My son, who we take more care to feed, who has a more suitable environment, is forced to take [the same] vaccine as that child who lives in the favela, who has poor sanitary conditions, who doesn’t eat well, whose mother can’t give him that support, right?

(F-H-09.Mãe – 43y, white, stratum B2)

They even say that we have a social responsibility to get vaccinated [...]. But anyway, I kind of live in a very bourgeois world, right? I don’t live on the outskirts, I don’t have contact with people from the outskirts, who are children who are more... susceptible, with people who are more likely to have these diseases, right? [...] And then I think that when I try to put them in public schools, they’ll say that they have to have a card [...] and that’s right, right? Because then he’ll be in contact with a lot of children who I don’t know what their condition is.

(F-H-02.Mãe – 43y, white, stratum B2)

Also noteworthy is the fact that these families constantly reinforce their class consciousness, through statements and laments about the socio-economic inequalities that mark the Brazilian reality, including highlighting their place of privilege. Or even highlighting the privilege they see in the spaces they attend (such as school, as in the excerpt below). Even so, in their narratives, they reinforce the place of families from lower socio-economic strata as unstructured or uninformed.

We’re a very privileged family, right? We know what children often come from unstructured families, who don’t have the chance to talk to the child about the need for this kind of preventive medicine - in fact, suddenly they don’t even know what preventive medicine is. We make an assessment based on our reality, right?

(F-H-03.Pai – 43y, undeclared skin color, stratum A)

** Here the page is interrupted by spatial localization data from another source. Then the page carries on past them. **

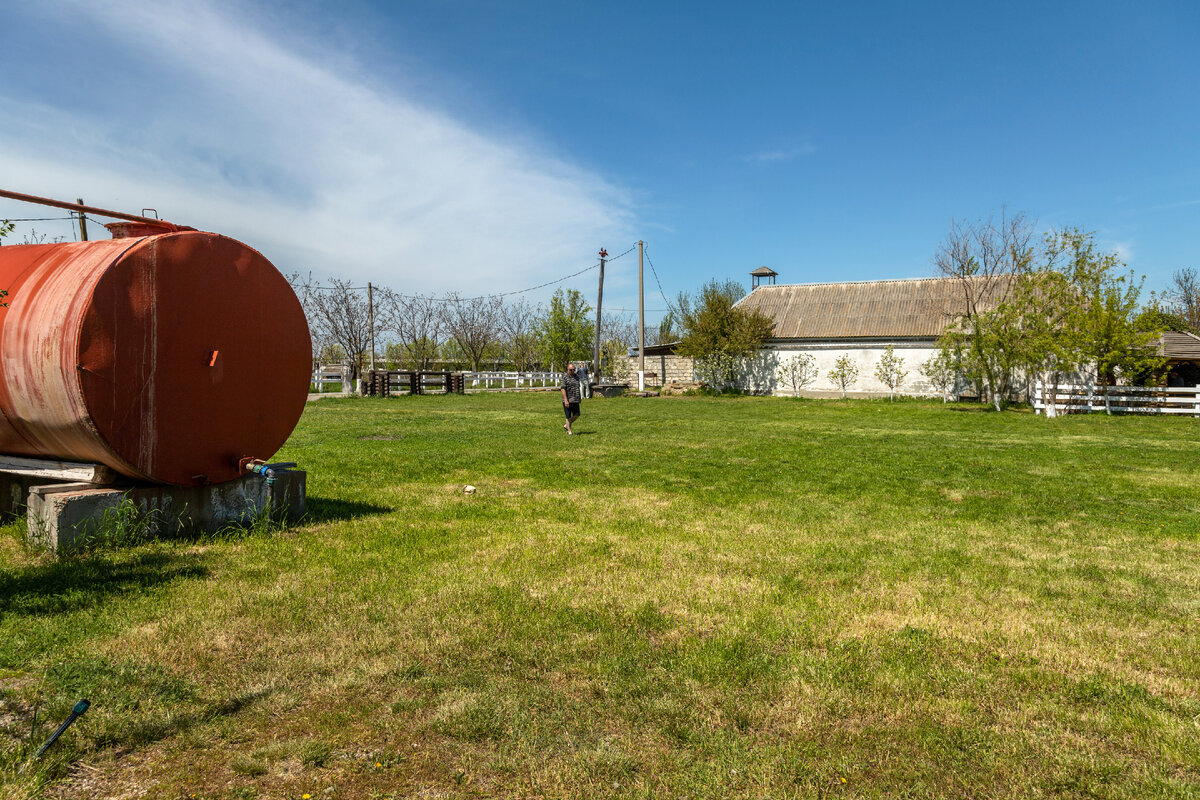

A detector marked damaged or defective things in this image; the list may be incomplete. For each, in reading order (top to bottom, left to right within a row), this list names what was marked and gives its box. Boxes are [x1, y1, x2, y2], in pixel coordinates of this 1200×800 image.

rusty metal barrel [0, 228, 314, 484]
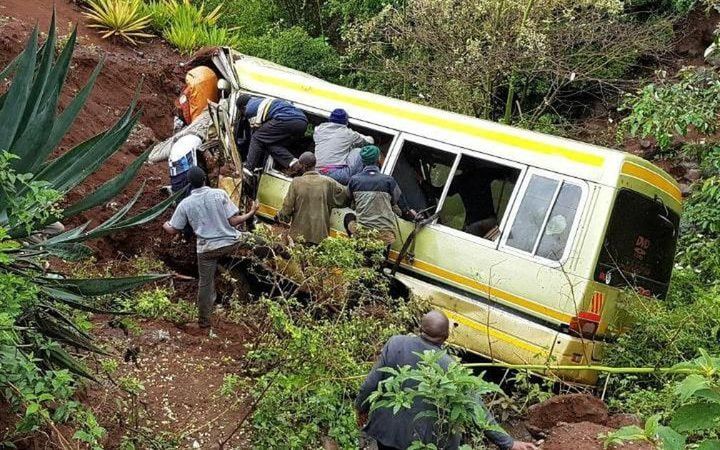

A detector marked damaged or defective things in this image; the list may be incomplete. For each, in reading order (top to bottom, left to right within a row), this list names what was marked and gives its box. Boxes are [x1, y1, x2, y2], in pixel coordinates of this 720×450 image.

overturned vehicle [155, 47, 684, 384]
crashed yellow bus [195, 47, 680, 384]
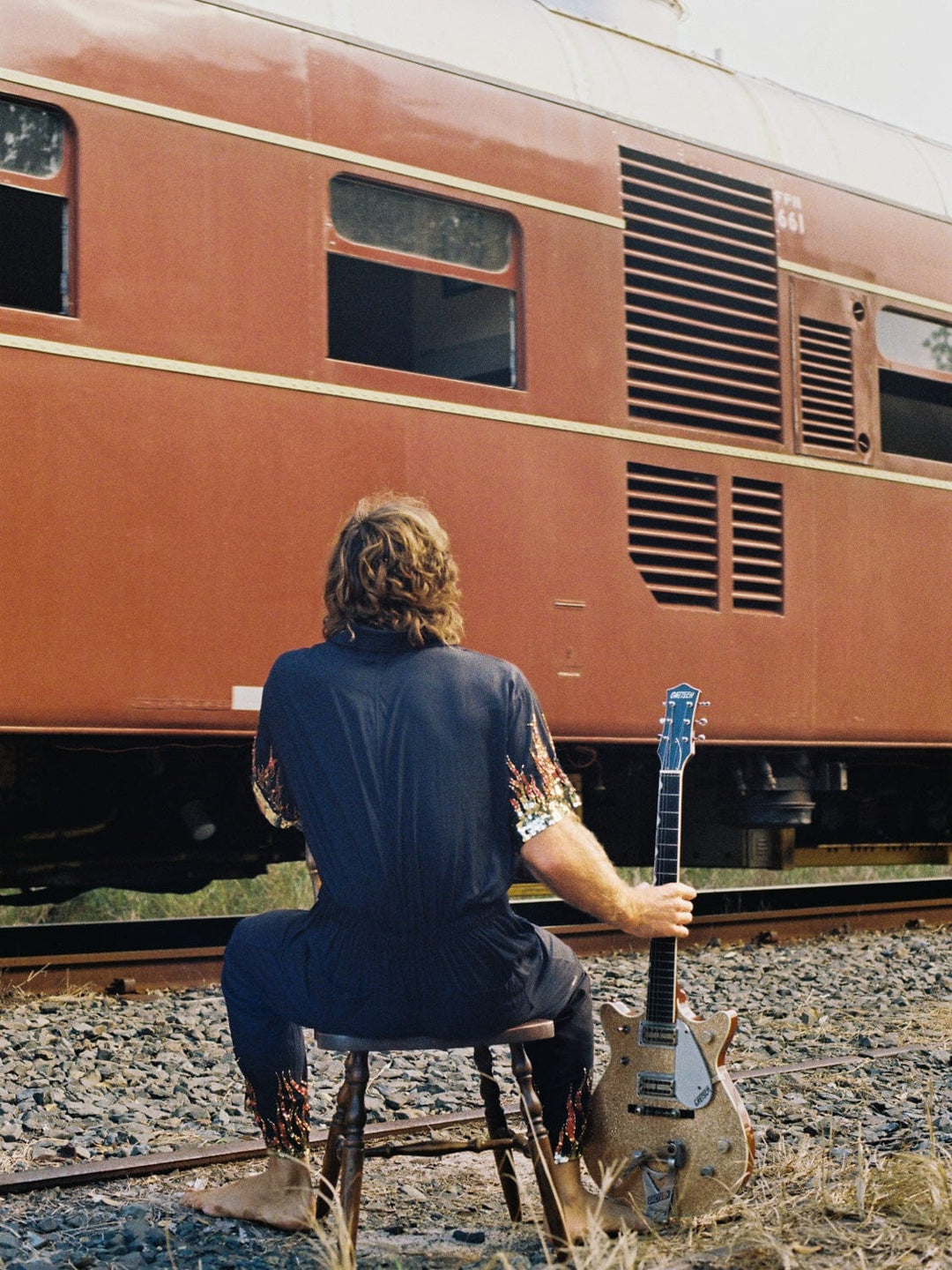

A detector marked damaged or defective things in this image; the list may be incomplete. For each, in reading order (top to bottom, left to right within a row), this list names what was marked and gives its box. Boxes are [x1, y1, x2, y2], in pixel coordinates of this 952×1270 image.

rusty brown train car [0, 0, 945, 900]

There was a year when they [children] went to the Waldorf kindergarten, and then I got upset. Then I got upset because I saw that sea of unvaccinated blonde children, right [laughs]. [...] Because it’s rubbing privilege in the face, right? Maybe in fact those unvaccinated children won’t be the ones affected by not being vaccinated. It’s fucking unfair that they have that choice, you know? [...] and in fact I don’t have any statistics on that, I don’t know that, but they’re blondes [laughs].

(F-H-10.Pai – 33y, white, stratum B2)

An intersectional look at social facilities: schools, health services and the guardianship council as spaces for reproducing privilege

Although all the families mentioned here belong to the same group in terms of their choice not to vaccinate all or part of their children, their economic status and symbolic capital differentiate them in terms of their use of social facilities. Access to private schools allows children to move around freely even if they are not vaccinated, while the need to secure a place in a public school makes less well-off families vaccinate even against their will.

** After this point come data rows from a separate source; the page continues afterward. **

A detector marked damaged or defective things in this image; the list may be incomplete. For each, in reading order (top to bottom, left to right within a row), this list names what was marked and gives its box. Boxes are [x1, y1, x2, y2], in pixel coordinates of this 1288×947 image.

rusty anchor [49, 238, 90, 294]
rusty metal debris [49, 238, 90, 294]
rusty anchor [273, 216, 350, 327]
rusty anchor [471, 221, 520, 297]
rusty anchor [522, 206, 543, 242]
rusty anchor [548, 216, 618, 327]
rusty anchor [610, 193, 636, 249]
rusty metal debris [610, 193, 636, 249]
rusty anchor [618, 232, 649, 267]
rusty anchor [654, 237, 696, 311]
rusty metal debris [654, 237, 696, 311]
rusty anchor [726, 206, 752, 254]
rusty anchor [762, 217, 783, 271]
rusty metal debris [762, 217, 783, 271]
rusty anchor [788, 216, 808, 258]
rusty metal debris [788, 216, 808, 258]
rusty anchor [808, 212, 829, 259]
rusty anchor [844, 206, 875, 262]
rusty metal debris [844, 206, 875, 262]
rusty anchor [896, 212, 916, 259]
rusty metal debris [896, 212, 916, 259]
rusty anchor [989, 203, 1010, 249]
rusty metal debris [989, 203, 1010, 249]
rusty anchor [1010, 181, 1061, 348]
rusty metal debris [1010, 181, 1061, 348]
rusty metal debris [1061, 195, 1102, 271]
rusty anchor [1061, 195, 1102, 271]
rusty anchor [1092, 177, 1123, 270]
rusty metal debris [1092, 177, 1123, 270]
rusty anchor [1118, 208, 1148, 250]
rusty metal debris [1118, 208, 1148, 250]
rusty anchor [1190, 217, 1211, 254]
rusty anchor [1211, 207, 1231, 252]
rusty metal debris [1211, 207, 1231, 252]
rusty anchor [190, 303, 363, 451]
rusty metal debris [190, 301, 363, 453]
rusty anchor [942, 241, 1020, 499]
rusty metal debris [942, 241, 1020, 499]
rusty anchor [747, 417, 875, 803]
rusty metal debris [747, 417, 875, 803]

Honestly, today I only vaccinate to the letter, so to speak, she only has all the vaccinations because we need the place at the nursery school. That’s all. Because if it wasn’t a prerequisite for her to get into the municipal nursery, I wouldn’t vaccinate her the way I do.

(F-H-08.Mãe – 24y, white, stratum C2)

Some of the families interviewed had already been approached by the Guardianship Council at some point. In almost all cases, it was the public primary health care service that reported the situation to the Council. It is noticeable that families with better economic conditions make what we will call here ‘customized use of health’, looking for health professionals in the private network who are aligned with their opinions about (non) vaccination - in general, homeopathic and anthroposophical pediatricians. Access to these professionals and the services they offer (such as homeopathic vaccines, for example) allows these families to back up their decision not to vaccinate with medical support.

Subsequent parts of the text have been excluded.